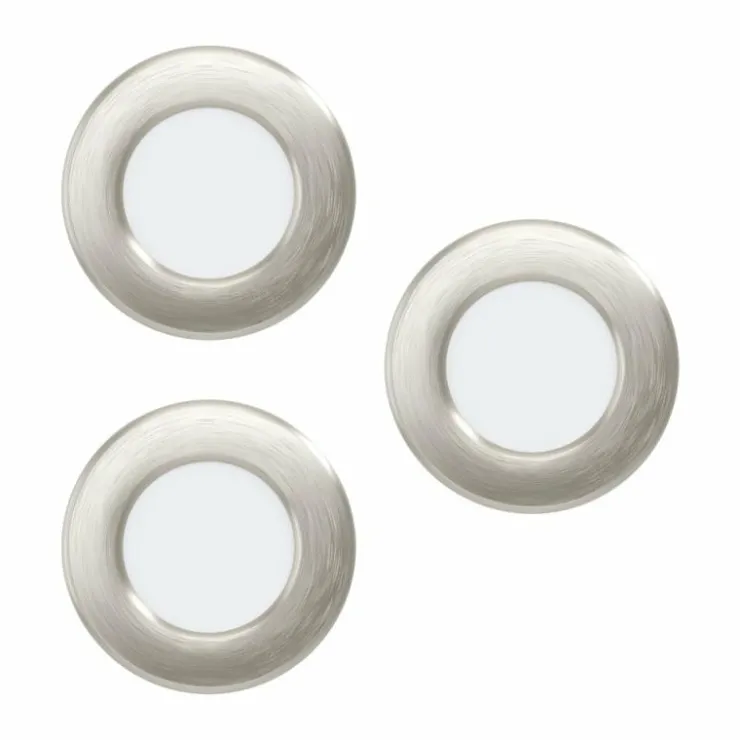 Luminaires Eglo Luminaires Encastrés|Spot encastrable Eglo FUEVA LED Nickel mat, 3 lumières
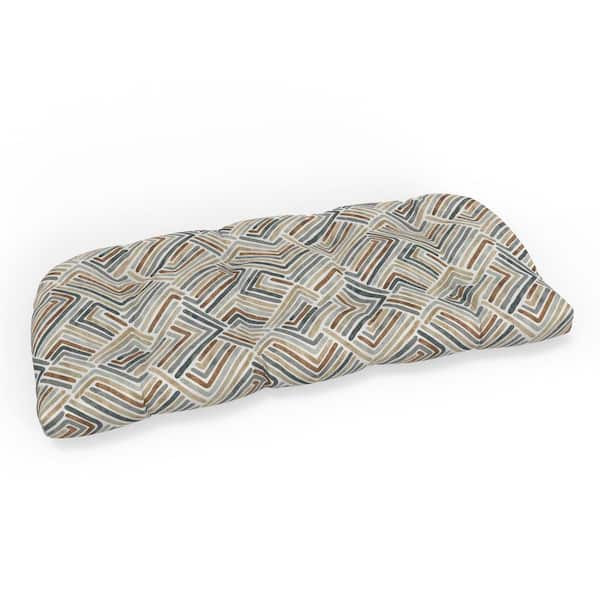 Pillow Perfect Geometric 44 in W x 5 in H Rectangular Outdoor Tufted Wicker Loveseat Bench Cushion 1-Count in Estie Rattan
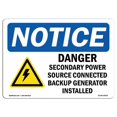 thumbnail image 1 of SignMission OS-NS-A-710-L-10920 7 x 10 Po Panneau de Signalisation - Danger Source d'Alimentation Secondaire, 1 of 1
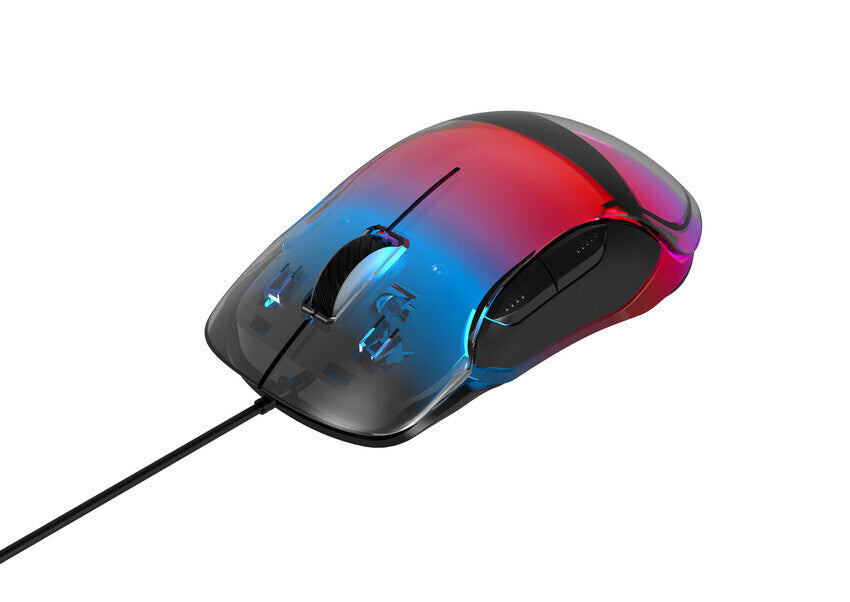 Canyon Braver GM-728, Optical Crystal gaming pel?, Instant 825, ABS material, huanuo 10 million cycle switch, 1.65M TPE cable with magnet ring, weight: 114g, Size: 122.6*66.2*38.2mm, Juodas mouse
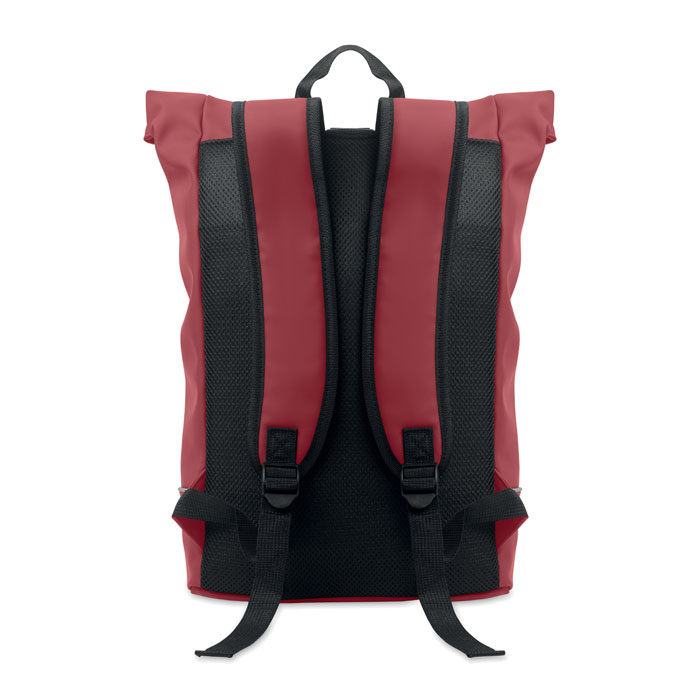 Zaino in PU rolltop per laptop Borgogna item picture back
--
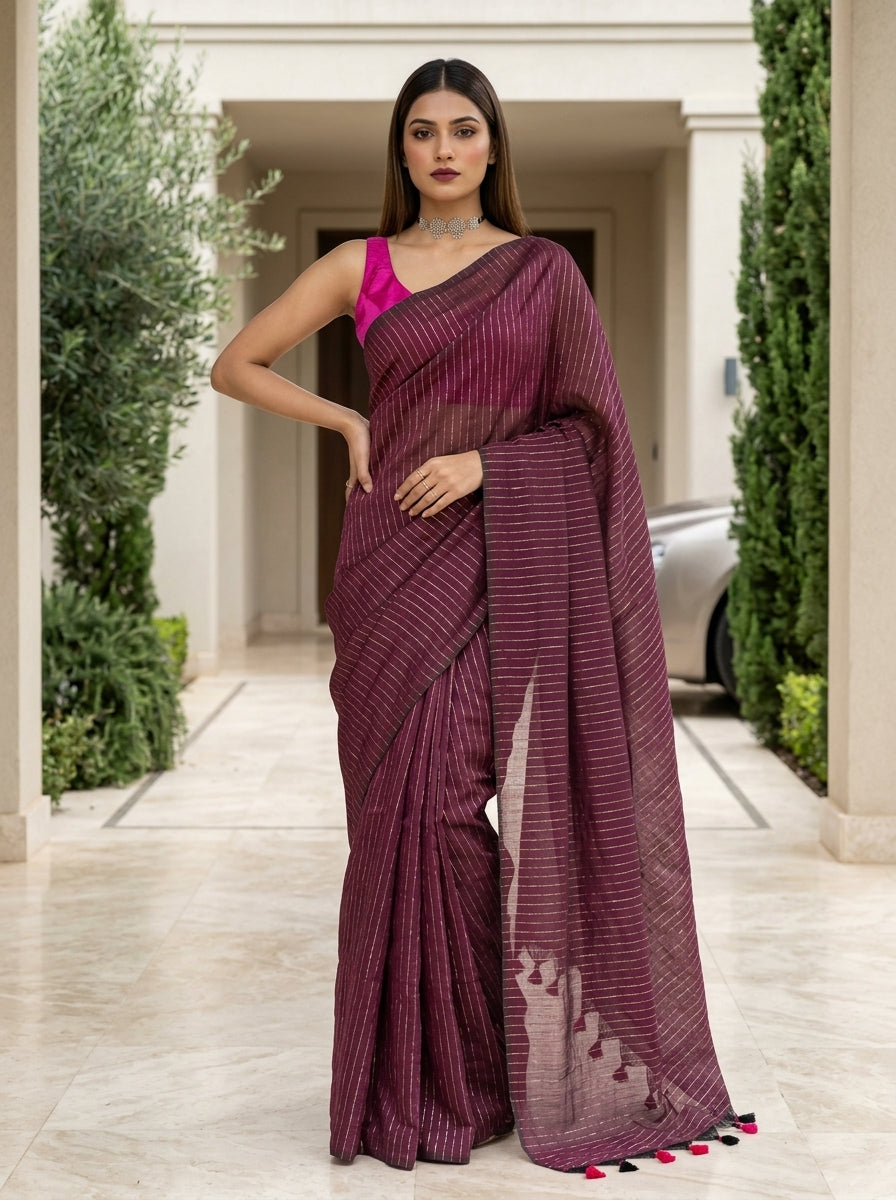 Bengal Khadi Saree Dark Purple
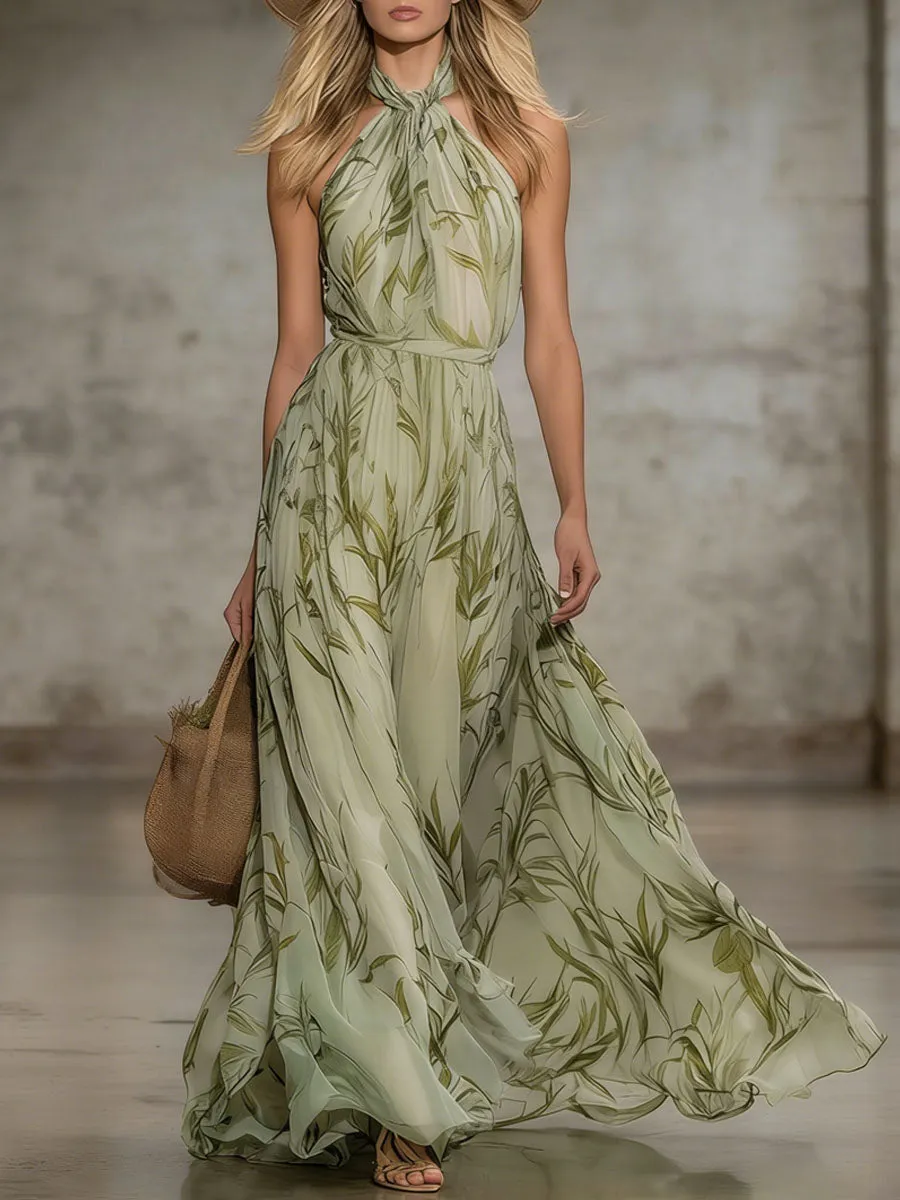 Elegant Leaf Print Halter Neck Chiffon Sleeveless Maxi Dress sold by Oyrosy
...
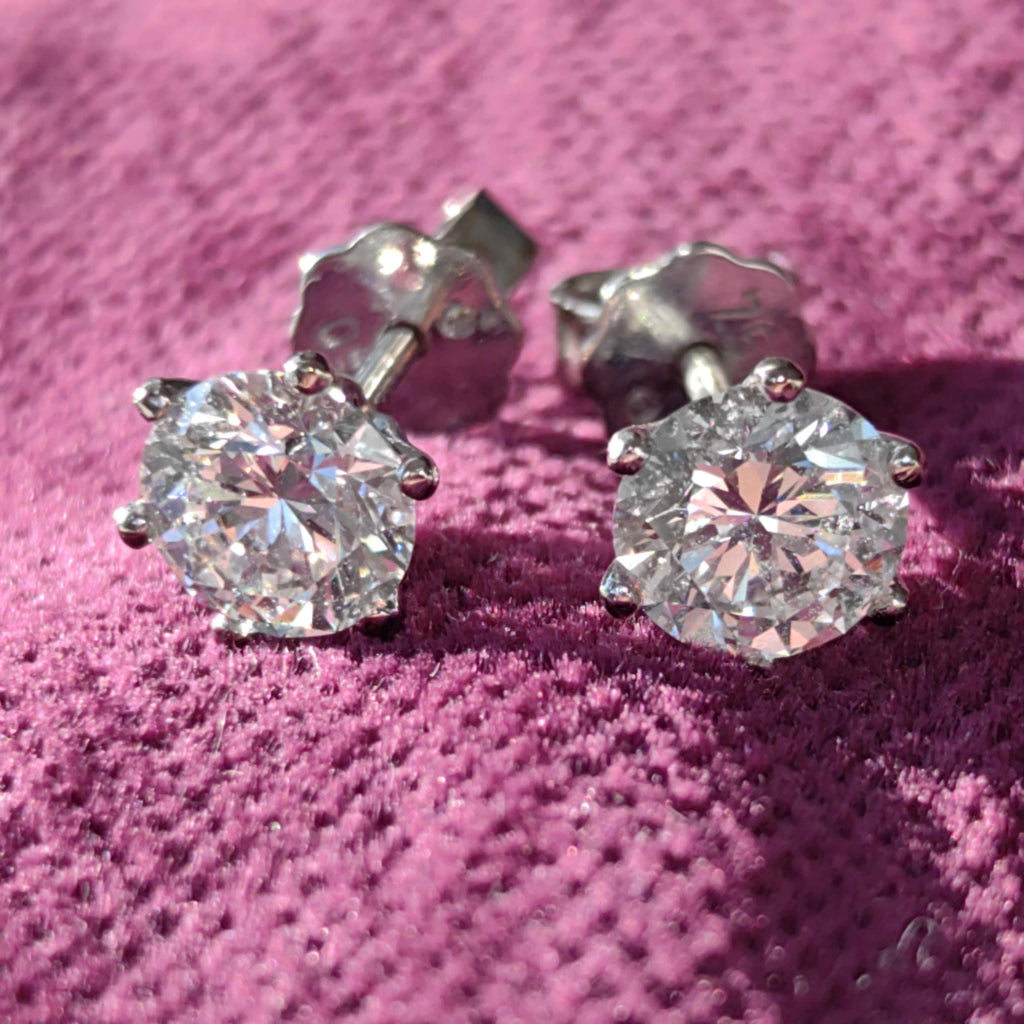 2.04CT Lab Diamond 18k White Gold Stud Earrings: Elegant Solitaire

### [Work to complete]
Copy back exactly the lines above from the one containing "Luminaires Eglo Luminaires" through the one containing "Zaino in PU", and leave every picture behind.

### [Response to the exercise]
 Luminaires Eglo Luminaires Encastrés|Spot encastrable Eglo FUEVA LED Nickel mat, 3 lumières
 Pillow Perfect Geometric 44 in W x 5 in H Rectangular Outdoor Tufted Wicker Loveseat Bench Cushion 1-Count in Estie Rattan
 thumbnail image 1 of SignMission OS-NS-A-710-L-10920 7 x 10 Po Panneau de Signalisation - Danger Source d'Alimentation Secondaire, 1 of 1
 Canyon Braver GM-728, Optical Crystal gaming pel?, Instant 825, ABS material, huanuo 10 million cycle switch, 1.65M TPE cable with magnet ring, weight: 114g, Size: 122.6*66.2*38.2mm, Juodas mouse
 Zaino in PU rolltop per laptop Borgogna item picture back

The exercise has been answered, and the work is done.